## DESCRIPTION OF THE TASK
Before returning the data, strip out the pictures and keep everything else exactly the same.

## RECORDED INFORMATION
###

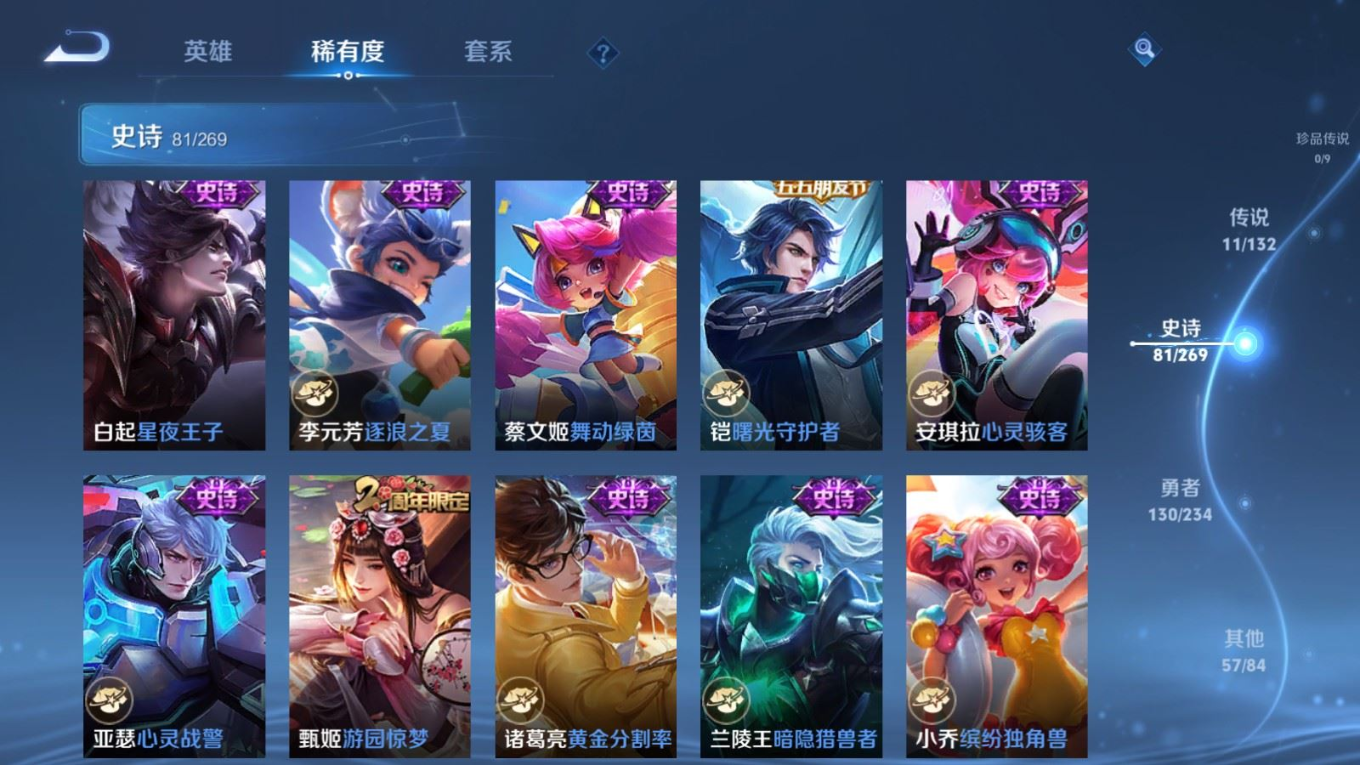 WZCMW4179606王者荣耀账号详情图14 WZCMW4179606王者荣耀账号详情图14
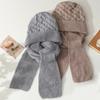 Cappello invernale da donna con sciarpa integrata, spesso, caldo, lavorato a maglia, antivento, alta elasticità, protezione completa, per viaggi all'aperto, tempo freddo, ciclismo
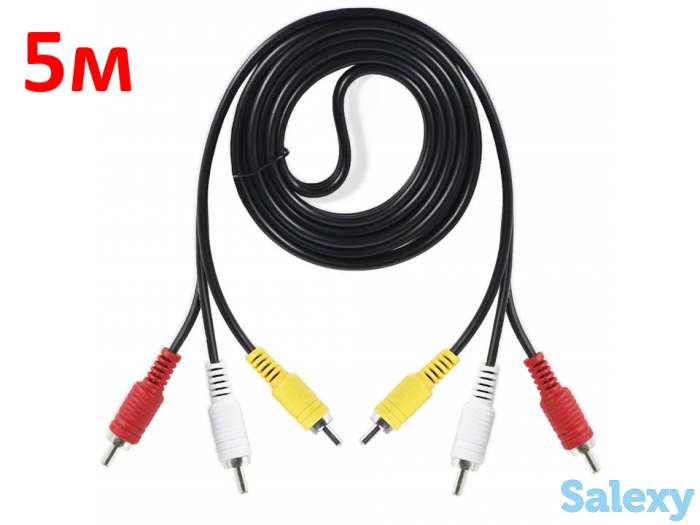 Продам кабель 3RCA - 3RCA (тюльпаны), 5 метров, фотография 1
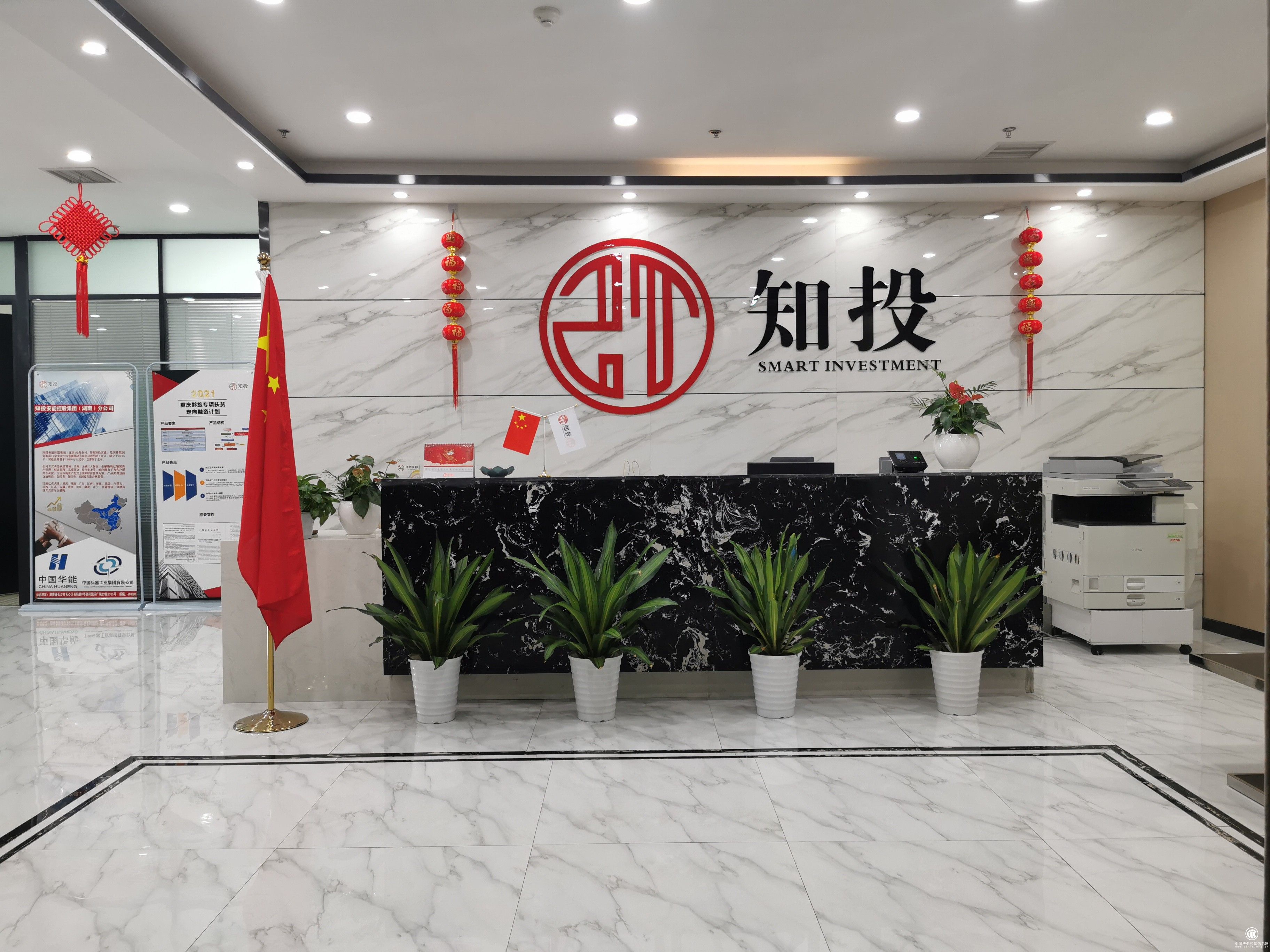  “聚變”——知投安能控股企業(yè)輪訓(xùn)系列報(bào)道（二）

###

## TASK RESPONSE
 WZCMW4179606王者荣耀账号详情图14 WZCMW4179606王者荣耀账号详情图14
 Cappello invernale da donna con sciarpa integrata, spesso, caldo, lavorato a maglia, antivento, alta elasticità, protezione completa, per viaggi all'aperto, tempo freddo, ciclismo
 Продам кабель 3RCA - 3RCA (тюльпаны), 5 метров, фотография 1
  “聚變”——知投安能控股企業(yè)輪訓(xùn)系列報(bào)道（二）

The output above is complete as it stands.